(Beginning of Supplied data)
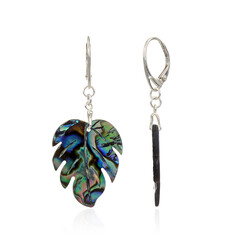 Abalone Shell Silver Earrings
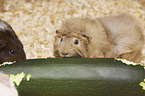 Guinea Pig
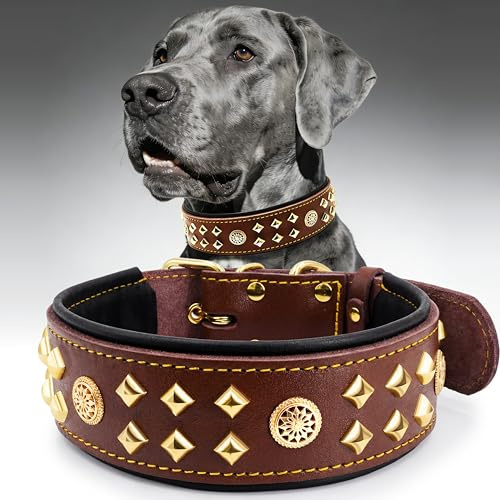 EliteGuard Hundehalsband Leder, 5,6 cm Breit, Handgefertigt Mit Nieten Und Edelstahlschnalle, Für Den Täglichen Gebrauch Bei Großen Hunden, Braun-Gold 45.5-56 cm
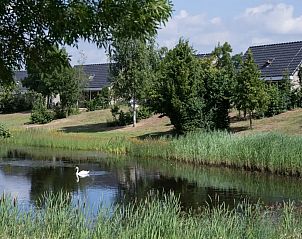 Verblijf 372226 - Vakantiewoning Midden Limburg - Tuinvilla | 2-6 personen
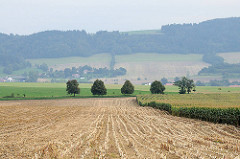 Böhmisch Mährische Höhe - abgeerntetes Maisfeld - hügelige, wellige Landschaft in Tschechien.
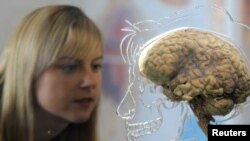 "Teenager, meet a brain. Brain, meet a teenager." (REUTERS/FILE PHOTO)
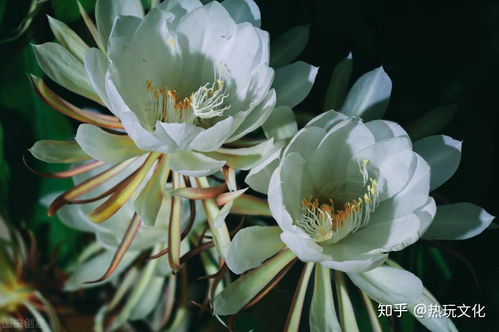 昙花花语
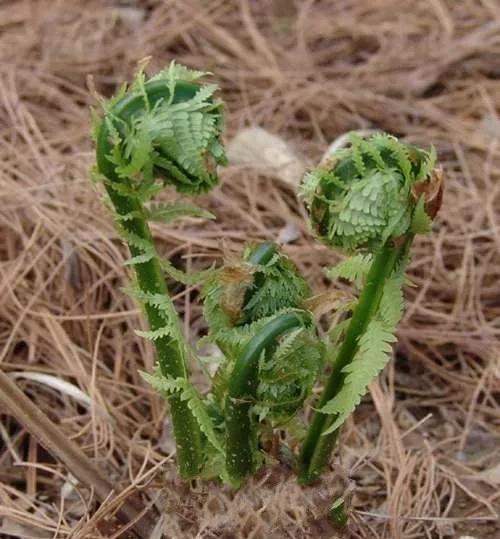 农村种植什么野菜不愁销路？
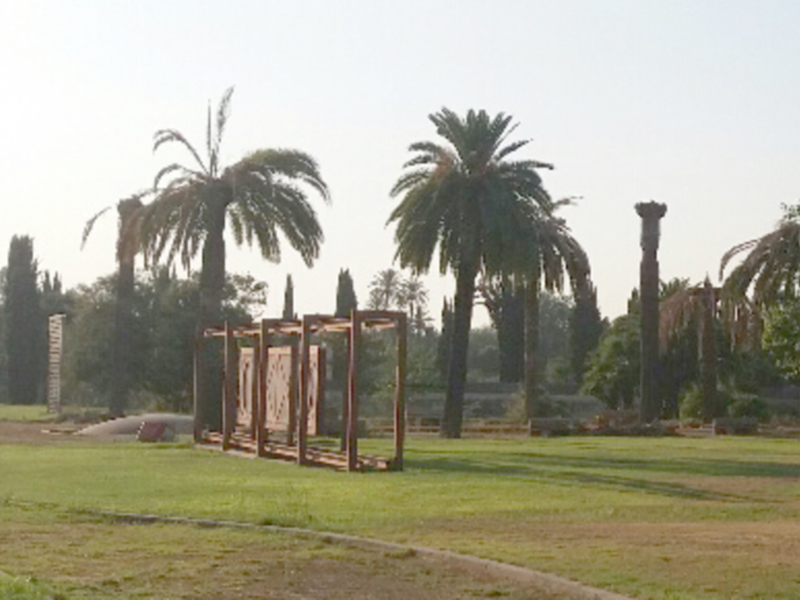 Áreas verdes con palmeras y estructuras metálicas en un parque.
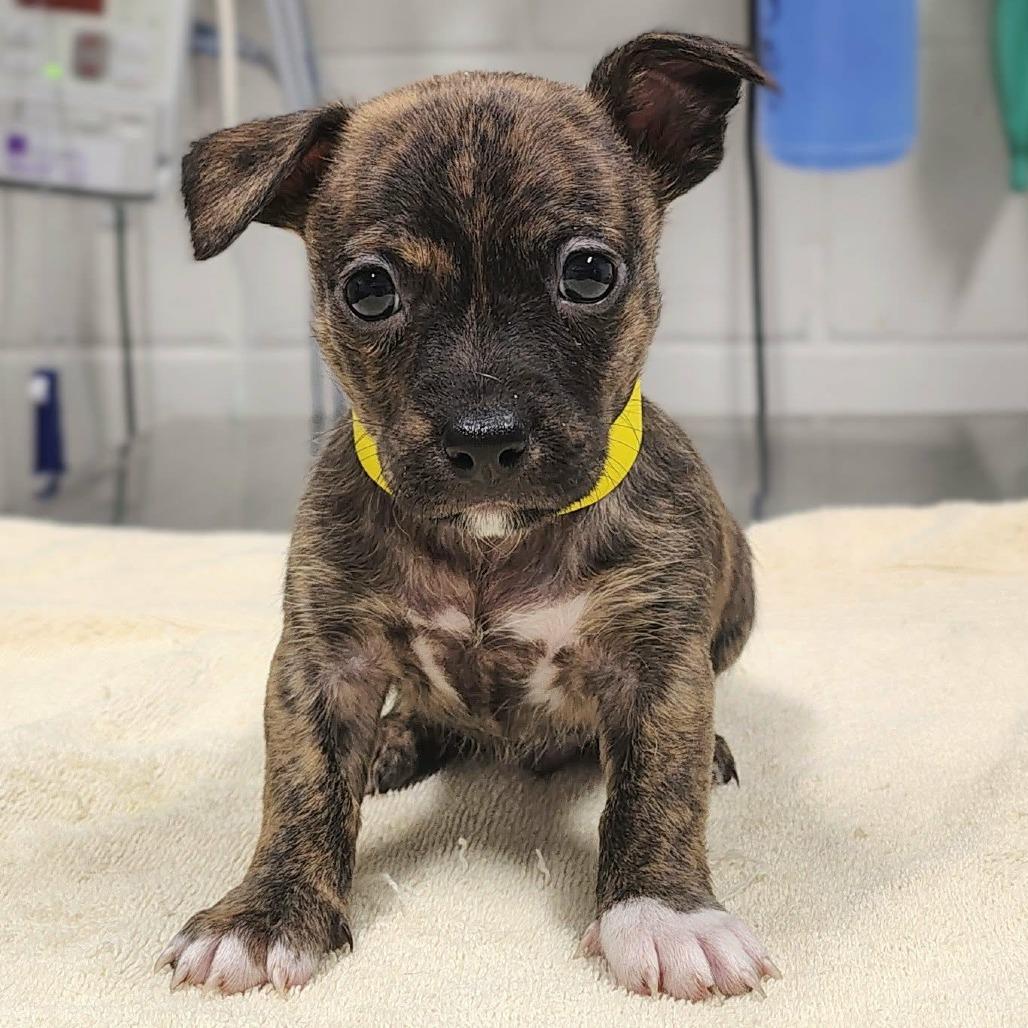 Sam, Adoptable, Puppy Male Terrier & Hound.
(End of Supplied data)
Try it => Transcribe the preceding listing in its entirety and with exact wording, leaving out pictures.

Written solution =>
 Abalone Shell Silver Earrings
 Guinea Pig
 EliteGuard Hundehalsband Leder, 5,6 cm Breit, Handgefertigt Mit Nieten Und Edelstahlschnalle, Für Den Täglichen Gebrauch Bei Großen Hunden, Braun-Gold 45.5-56 cm
 Verblijf 372226 - Vakantiewoning Midden Limburg - Tuinvilla | 2-6 personen
 Böhmisch Mährische Höhe - abgeerntetes Maisfeld - hügelige, wellige Landschaft in Tschechien.
 "Teenager, meet a brain. Brain, meet a teenager." (REUTERS/FILE PHOTO)
 昙花花语
 农村种植什么野菜不愁销路？
 Áreas verdes con palmeras y estructuras metálicas en un parque.
 Sam, Adoptable, Puppy Male Terrier & Hound.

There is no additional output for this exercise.